Ora, o tempo jurídico não chega a abordar nenhuma dessas problemáticas que se põem a partir da segunda e da terceira síntese, pois ainda quer soberanamente reconstruir a realidade do que se passou. Mesmo quanto à primeira síntese, o fato jurídico é a tentativa de racionalizar o absurdo, tomando-se como premissa a identidade do passado e do presente como momentos rememoráveis por completo, estáticos (ou seria melhor extáticos?) e desprovidos de qualquer intensidade.
Tampouco a positivação das leis, seja pela representação consensual, como gostaria a dogmática e mesmo o pós-positivismo, não se desvencilham dos vícios da representação, uma vez que têm como ponto de partida a linearidade progressiva de um tempo inexistente, como se a lei fosse capaz de imunizar o tempo de si mesmo, de suas dobras, paradoxos e devires. Aqui também se observa o absurdo do paradigma da segurança que não é outra coisa senão a negação da própria diferença, numa situação ideal de equilíbrio do tempo linear.
Tudo se passa no Direito como se, apesar de logicamente estar configurado a partir das críticas de Kant, no entanto, no que concerne ao desenvolvimento como ciência, sua relação referencial com o tempo é, ainda, pré-copernicana! Quer isto dizer que a lei contiuna sendo pensada como uma imagem do tempo eterno de regularidades estáticas que são chamadas a atuar sobre o caso que, através do processo é submetido, simultaneamente, aos rigores lógicos modernos no que concerne aos juízos da lei, mas a partir de um tempo que submete o caso a verdades eternas.
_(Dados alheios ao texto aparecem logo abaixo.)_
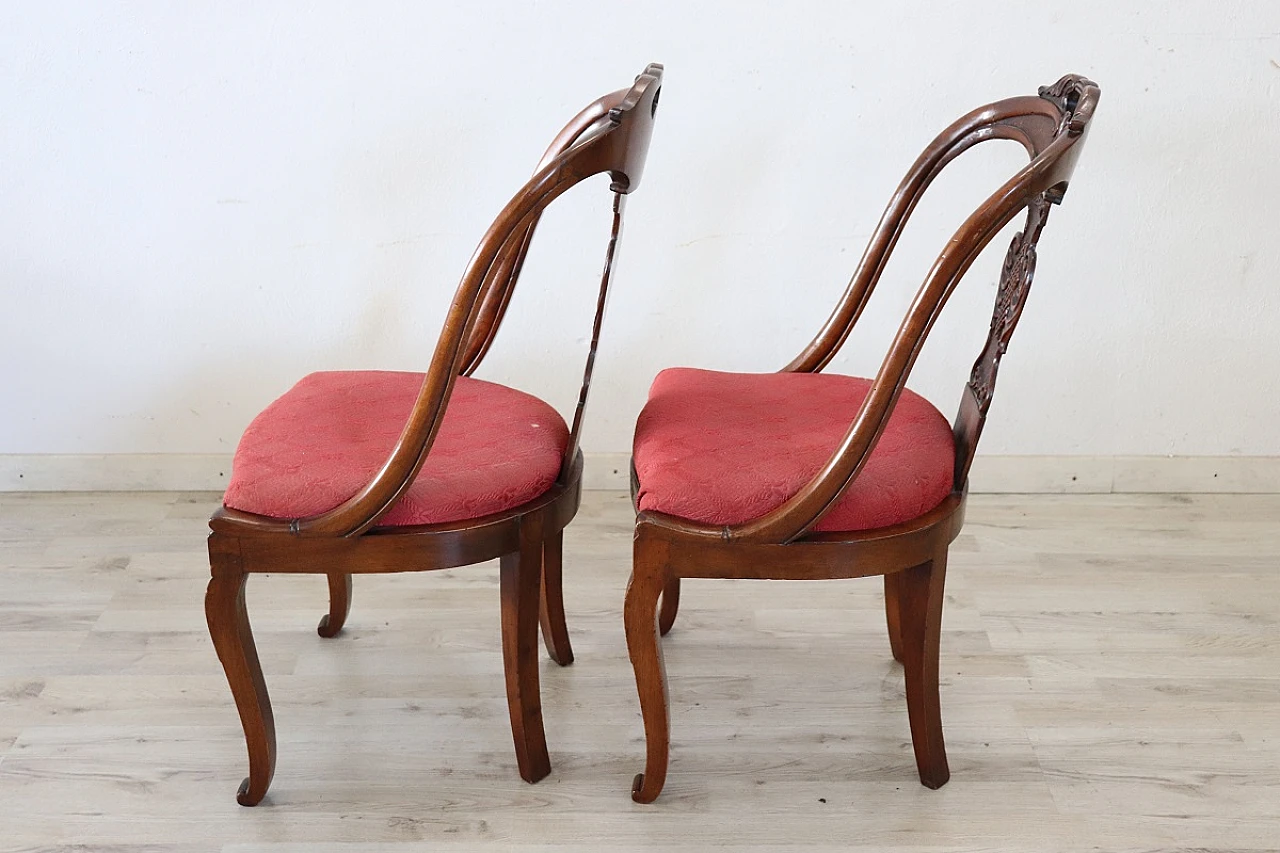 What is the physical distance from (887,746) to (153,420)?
1.66m

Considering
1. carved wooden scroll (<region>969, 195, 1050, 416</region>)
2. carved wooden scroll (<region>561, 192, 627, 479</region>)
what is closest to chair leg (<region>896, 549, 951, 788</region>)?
carved wooden scroll (<region>969, 195, 1050, 416</region>)

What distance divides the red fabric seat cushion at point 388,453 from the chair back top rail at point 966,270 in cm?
22

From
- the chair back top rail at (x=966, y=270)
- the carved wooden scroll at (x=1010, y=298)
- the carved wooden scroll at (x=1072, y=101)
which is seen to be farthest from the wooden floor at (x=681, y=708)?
the carved wooden scroll at (x=1072, y=101)

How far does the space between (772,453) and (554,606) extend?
→ 544 millimetres

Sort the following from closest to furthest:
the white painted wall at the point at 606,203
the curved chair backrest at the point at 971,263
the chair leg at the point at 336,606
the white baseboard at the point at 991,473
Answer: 1. the curved chair backrest at the point at 971,263
2. the chair leg at the point at 336,606
3. the white painted wall at the point at 606,203
4. the white baseboard at the point at 991,473

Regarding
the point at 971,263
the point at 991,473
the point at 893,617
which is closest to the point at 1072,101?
the point at 971,263

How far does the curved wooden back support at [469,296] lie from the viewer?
1360 millimetres

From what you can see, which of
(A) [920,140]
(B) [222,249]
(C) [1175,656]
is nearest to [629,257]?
(A) [920,140]

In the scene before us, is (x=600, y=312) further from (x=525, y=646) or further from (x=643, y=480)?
(x=525, y=646)

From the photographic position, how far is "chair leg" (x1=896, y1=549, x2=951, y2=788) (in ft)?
5.19

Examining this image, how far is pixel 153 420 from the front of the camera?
102 inches

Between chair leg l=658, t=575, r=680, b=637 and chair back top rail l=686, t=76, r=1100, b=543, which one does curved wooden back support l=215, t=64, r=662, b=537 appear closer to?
chair back top rail l=686, t=76, r=1100, b=543

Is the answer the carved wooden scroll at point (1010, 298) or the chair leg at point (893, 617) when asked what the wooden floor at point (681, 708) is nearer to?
the chair leg at point (893, 617)

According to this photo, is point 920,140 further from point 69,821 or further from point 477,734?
point 69,821
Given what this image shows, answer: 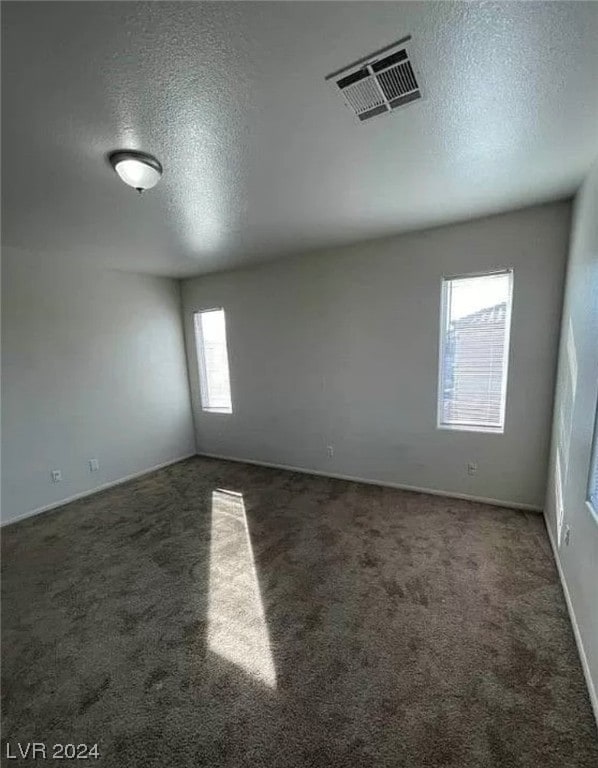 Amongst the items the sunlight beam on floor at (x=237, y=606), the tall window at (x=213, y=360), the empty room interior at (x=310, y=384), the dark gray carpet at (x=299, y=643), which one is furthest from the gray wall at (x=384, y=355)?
the sunlight beam on floor at (x=237, y=606)

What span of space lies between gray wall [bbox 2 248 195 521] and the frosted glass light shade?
2.27 meters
O passado é submetido ao presente como rememoração perfeita e completa na representação, até se atingir a certeza. O direito seria uma fantástica máquina do tempo capaz de trazer o passado ao presente como imagem dogmática da própria verdade. Por isso também, no que concerne à aplicação, a operação mecânica do decalque fica patenteada, uma vez que a subsunção se faz do modelo à cópia.